■ **Data records**
------------------------------------------------

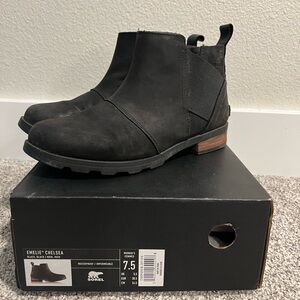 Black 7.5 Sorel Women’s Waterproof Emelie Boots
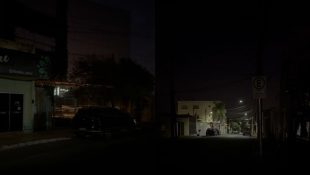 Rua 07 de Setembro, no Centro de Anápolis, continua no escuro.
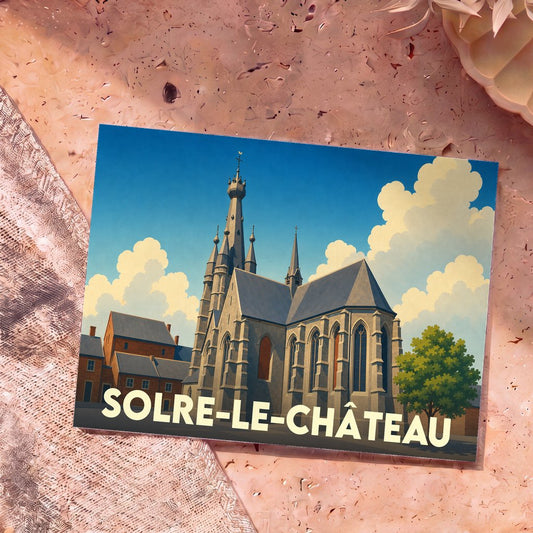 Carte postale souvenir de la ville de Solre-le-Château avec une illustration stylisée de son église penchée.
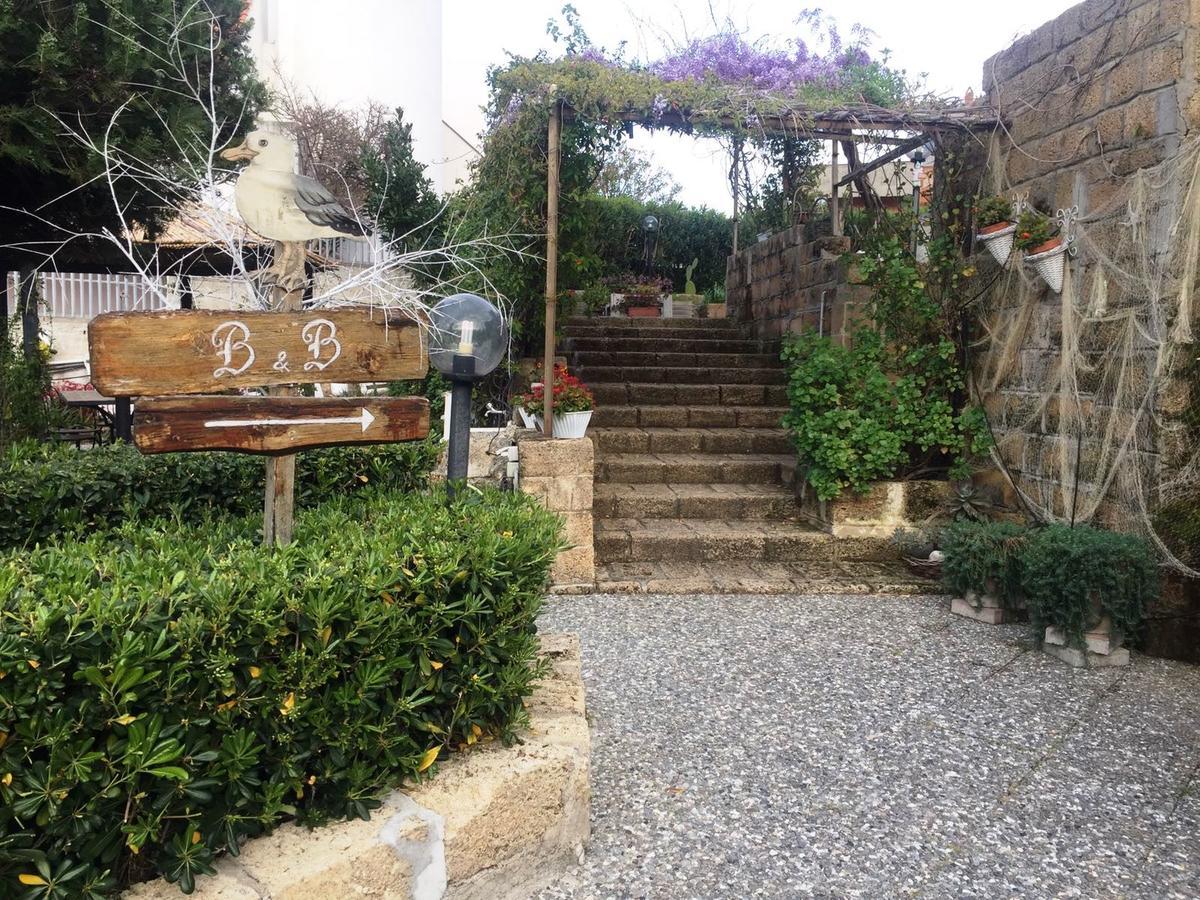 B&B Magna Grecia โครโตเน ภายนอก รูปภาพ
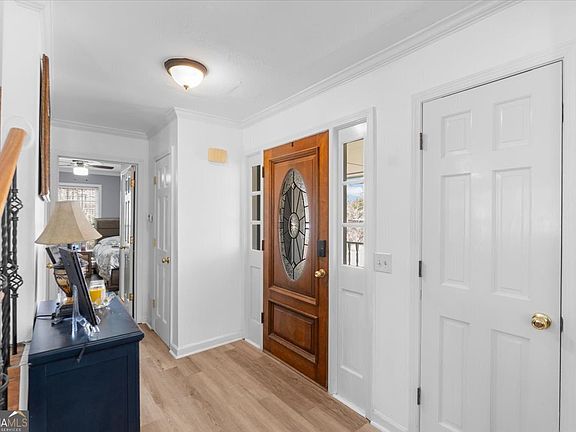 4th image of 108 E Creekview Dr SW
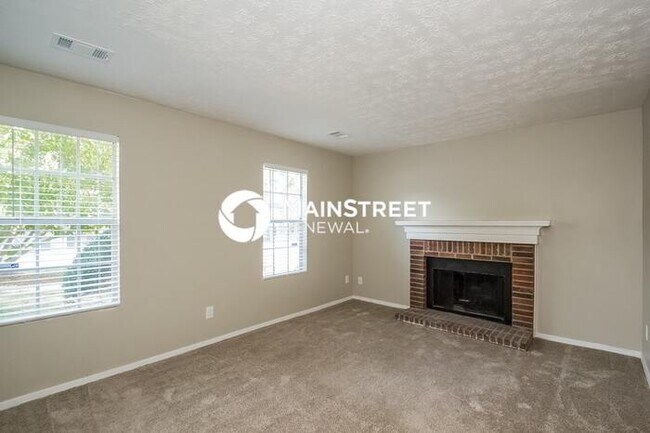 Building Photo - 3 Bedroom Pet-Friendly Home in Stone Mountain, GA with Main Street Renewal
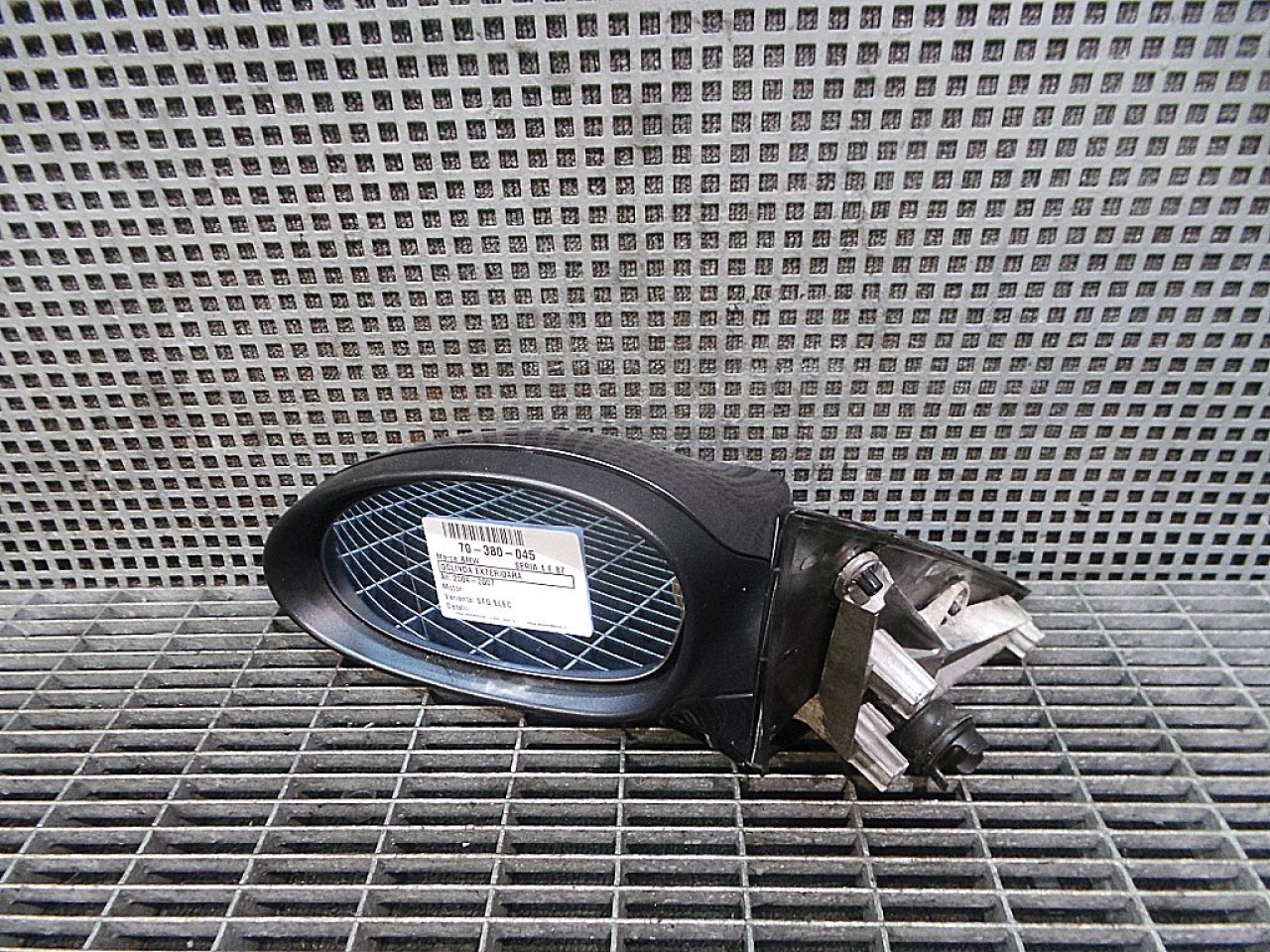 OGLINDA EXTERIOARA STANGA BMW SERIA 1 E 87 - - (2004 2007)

------------------------------------------------

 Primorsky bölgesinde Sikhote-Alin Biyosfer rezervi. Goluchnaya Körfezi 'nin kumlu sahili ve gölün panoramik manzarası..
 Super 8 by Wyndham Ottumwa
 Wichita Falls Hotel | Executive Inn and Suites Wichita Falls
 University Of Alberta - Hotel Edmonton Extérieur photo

------------------------------------------------

■ **Your objective**
Your answer should consist of the lines above between those holding "Carte postale souvenir" and "OGLINDA EXTERIOARA STANGA", inclusive, reproduced word for word and without pictures.

■ **Exercise result**
 Carte postale souvenir de la ville de Solre-le-Château avec une illustration stylisée de son église penchée.
 B&B Magna Grecia โครโตเน ภายนอก รูปภาพ
 4th image of 108 E Creekview Dr SW
 Building Photo - 3 Bedroom Pet-Friendly Home in Stone Mountain, GA with Main Street Renewal
 OGLINDA EXTERIOARA STANGA BMW SERIA 1 E 87 - - (2004 2007)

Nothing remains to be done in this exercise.